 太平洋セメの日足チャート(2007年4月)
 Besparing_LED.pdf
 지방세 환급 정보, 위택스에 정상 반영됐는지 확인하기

————————

== WORK REQUEST ==
Your answer must be the complete listing, reproduced exactly.

== TASK SOLUTION ==
 太平洋セメの日足チャート(2007年4月)
 Besparing_LED.pdf
 지방세 환급 정보, 위택스에 정상 반영됐는지 확인하기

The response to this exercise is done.